Greg Kester is the Biosolids Program Manager for the California Association of Sanitation Agencies (CASA). He took the position in June 2007.[1]

Involvement with CASA in the Toxic Sludge Industry

In October 2011, Kester spoke at the 2011 BioCycle "11th Annual Conference on Renewable Energy from Organics Recycling" in Middleton, Wisconsin, on a panel entitled "Codigestion at Wastewater Treatment Plants," along with other sewage sludge industry representatives. His segment was entitled, "Regulating FOGs, Food Waste Codigestion at California WWTPs" (Waste Water Treatment Plants).[2] BioCycle Magazine is a publication serving the interests of the sewage sludge industry. The Center for Media and Democracy attended the panel.

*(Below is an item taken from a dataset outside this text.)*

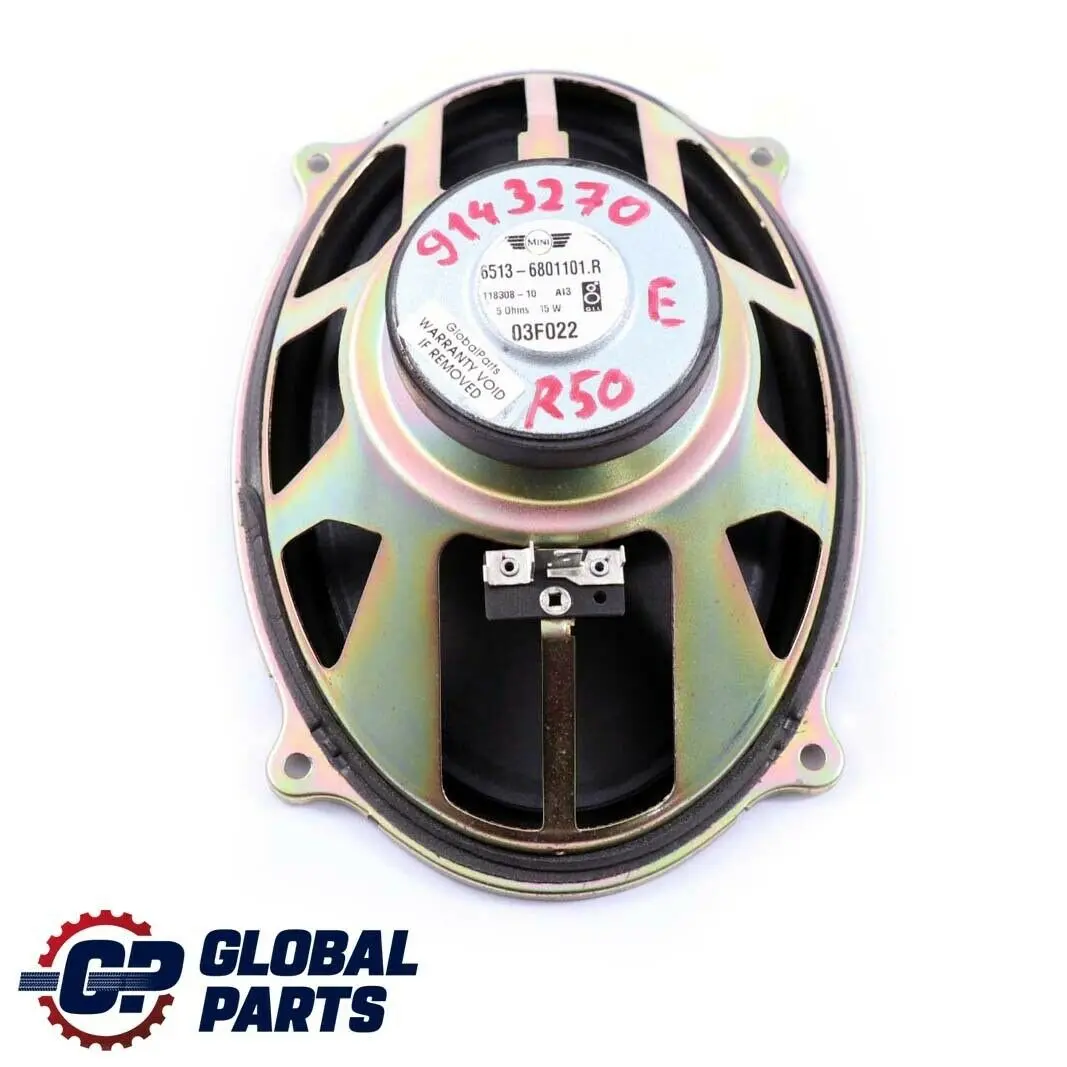 Haut-Parleur Arriere 65136801101 6801101 pour Mini Cooper One R50 R53 à propos du numéro de pièce 9143270 Mini Cooper One R50 R53 Haut-Parleur Arriere 65136801101 6801101 - SKU 9143270 - Numéro de pièce 9143270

CASA supports deregulation of the sewage sludge industry.

According to Kester, the California state regulatory body CalRecycle defines compost by temperature rather than by process (e.g., processing organic materials at temperatures above 122 degrees F is compost), and therefore anaerobic digesters (AD) which operate at these temperatures are subject to their composting regulations. In addition, CalRecycle may also now require anaerobic digesters operating at temperatures below 122 degrees F to obtain "a Solid Waste Transfer Station Process Facility Permit if they're receiving any haul-in waste that would normally be conveyed to the sewer lines. So this obviously includes FOG, food waste and, one can even argue, septage." CASA argues that publicly owned treatment works (POTWs) are already regulated for this kind of process under water and air permits, and that the resulting "patch quilt regulatory landscape will provide a real disincentive for increased receipt of this material, and it's really unnecessary."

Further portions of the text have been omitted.